А на фабрике видим красный уголок, где сидит горстка казахов в фуфайках, а сверху халаты былой белизны. Внимательные такие сидят — и хотели бы нас понять, да в такую рань разве до концертов…
Я говорю Лене: «Ты попробуй начать, но я уж — сам понимаешь — с твоего позволения, недолго». Ярмольник вышел, очень доходчиво объяснил, зачем мы приехали, кто мы такие, о радости, которую мы дарим людям, и так далее. Потом заявляет:
— А сейчас я хочу пригласить на эту сцену артиста, которого вы знаете по многим кинокартинам…
Три хлопка, и я выхожу. Вижу вот эти семь с половиной лиц и понимаю: что бы я им сейчас ни рассказывал о современном театре, о Тарковском, о проблемах искусства — нет, пустой номер!
И тогда я секундочку выждал.
— У вас, — говорю, — вопросы есть? (Пауза.) Если нет вопросов — Леони-ид Яррмольник!
И когда Ярмольник, едва-едва успевший достать сигареты со спичками, бросил все и зашагал на сцену, я произнес приглушенным голосом: «Ну, извини».
Это был самый короткий концерт в моей жизни…
…Никогда еще я не играл Достоевского, никогда — Шекспира.

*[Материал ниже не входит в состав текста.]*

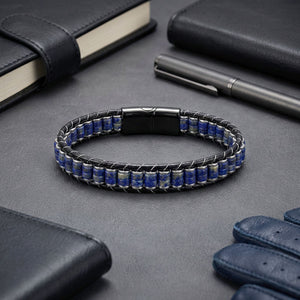 Niki Leather Lapis & Hematit Çelik Örgülü Deri Bileklik 38932B22D10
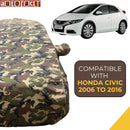 Autofact Civic Old Model Car Cover - TearTough - Dog Proof / Waterproof Car Body Cover for Honda Civic Old Model - With Mirror Pockets, Triple Stitched, Bottom Fully Elastic, Adjustable Belt and Buckle (Jungle Print 4x4)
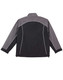 A reversible jacket featuring a black and grey design with contrasting white piping and a logo.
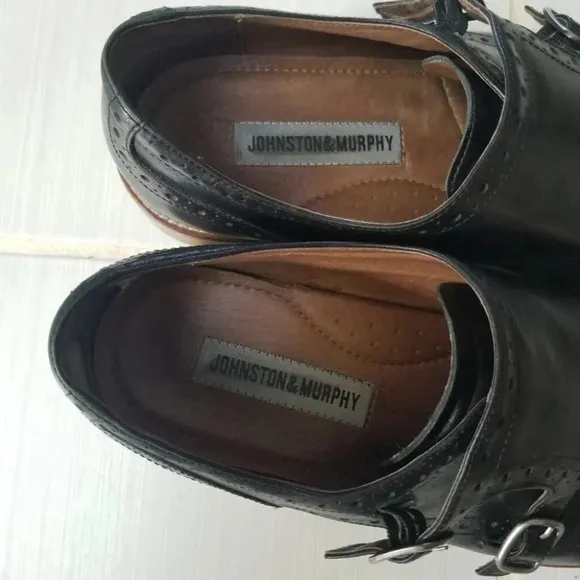 Johnston &amp; Murphy Conard Double Monk Strap Black Oxford Dress Shoes 10.5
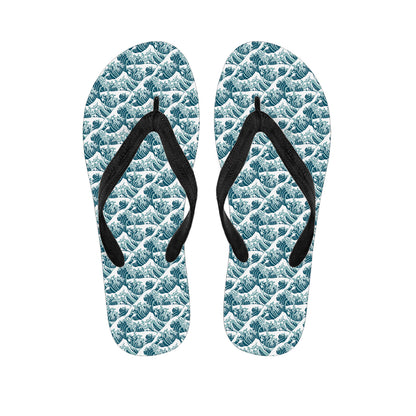 Japanese Kanagawa Wave Pattern Print Flip Flops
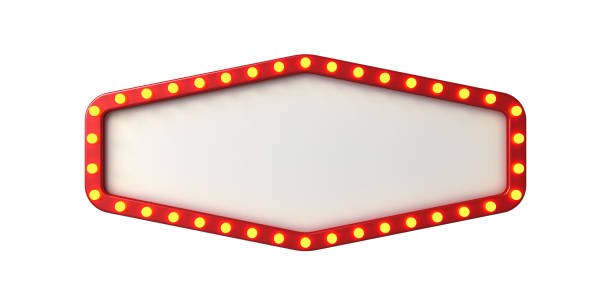 istock Blank retro billboard sign or blank white signboard with yellow glowing neon light bulbs isolated on white background 3D rendering 1493448435
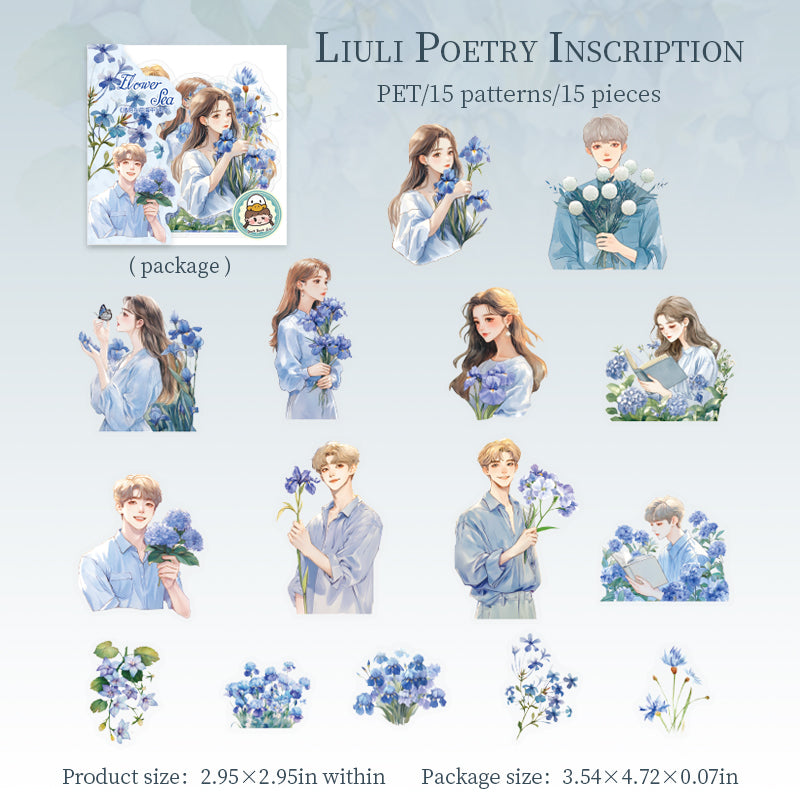 0617 Floral and Characters PET Sticker -15Pcs each pack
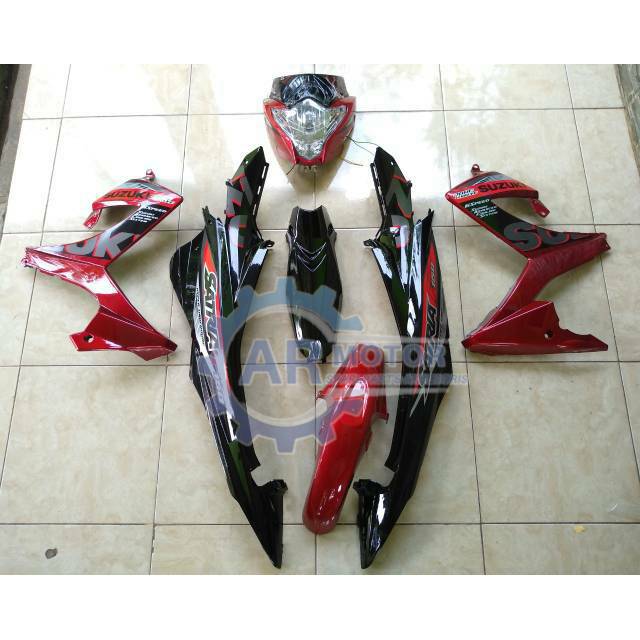 FULL BODY HALUS SATRIA FU FACELIFT / FU FL 2013 - 2015 MERAH HITAM PLUS STRIPING
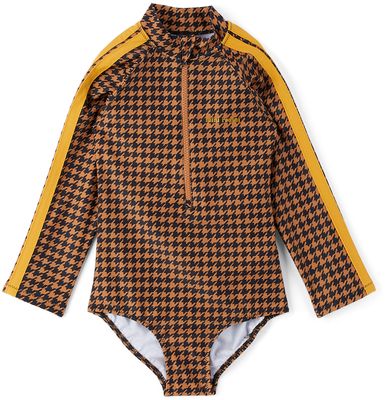 Mini Rodini Kids Brown Houndstooth Long Sleeve Swimsuit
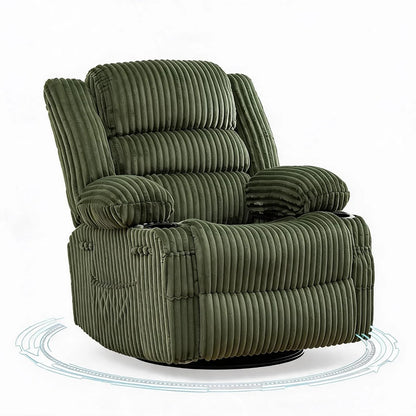 360° Swivel Rocking Recliner Chair with Cup Holder, Oversized Corduroy Glider Lounge Chair for Living Room & Nursery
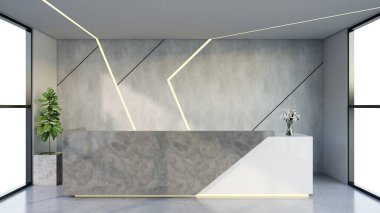 İç tasarım çağdaş ve lüks modern kabul masası, 3D illüstrasyon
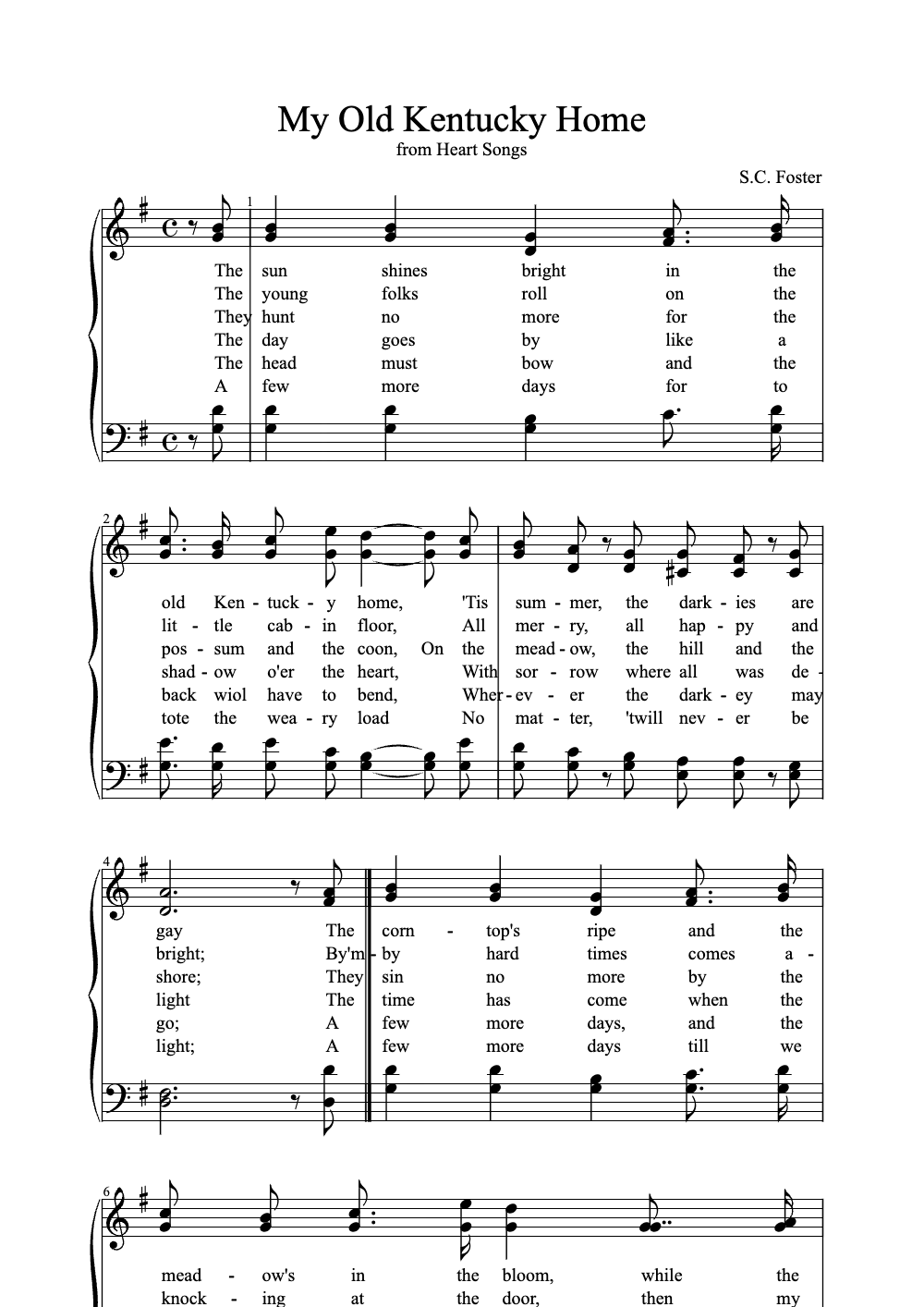 Sheet music preview for My Old Kentucky Home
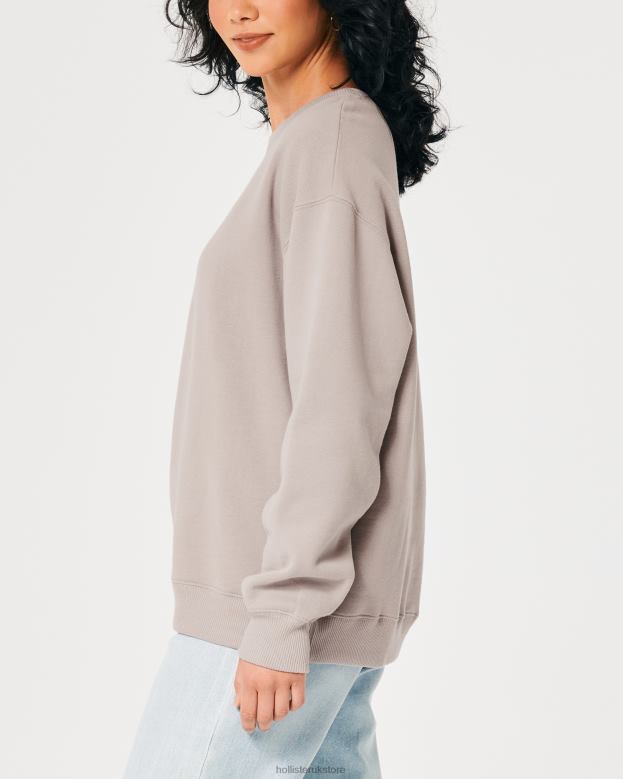 Tops Hollister Women Oversized Icon Crew Sweatshirt 4882019 Taupe
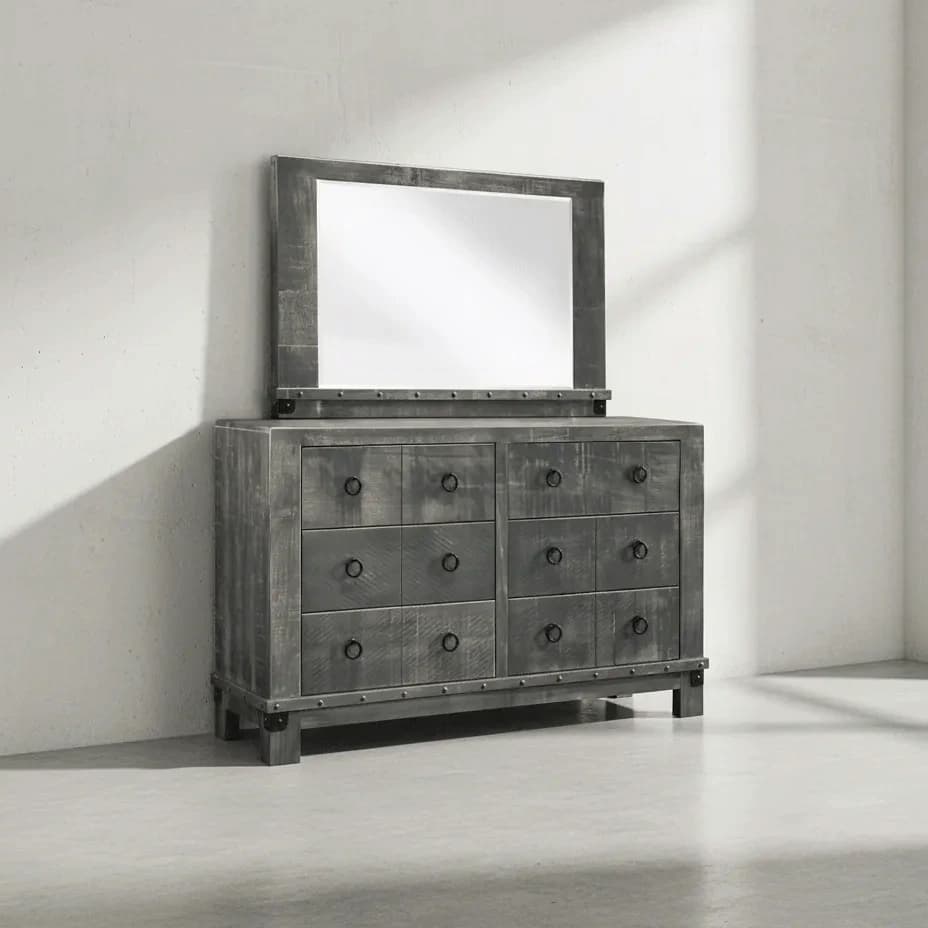 penwood furniture barrelworks dresser with mirror 6 drawer 45 degree angle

И вот теперь такая возможность представилась — все это соединилось в нашем новом спектакле. Это новая пьеса Михаила Шатрова под условным пока названием «Диктатура совести». В пьесу включены фрагменты из разных исторических периодов, связанных в том числе и с произведениями мировой классической литературы. Я играю фрагмент из романа Федора Михайловича Достоевского «Бесы» — монолог Верховенского, прототипом которого, как известно, послужил деятель русского революционного движения С. Нечаев с его крайне путаной революционной концепцией. Играть такого человека очень сложно и интересно. Что такое Верховенский сегодня? Это и печально известные «красные бригады», и террористические группы, которых как никогда много в современном мире. Значит, нужно играть не только героя тогдашнего, но и делать его образ узнаваемым.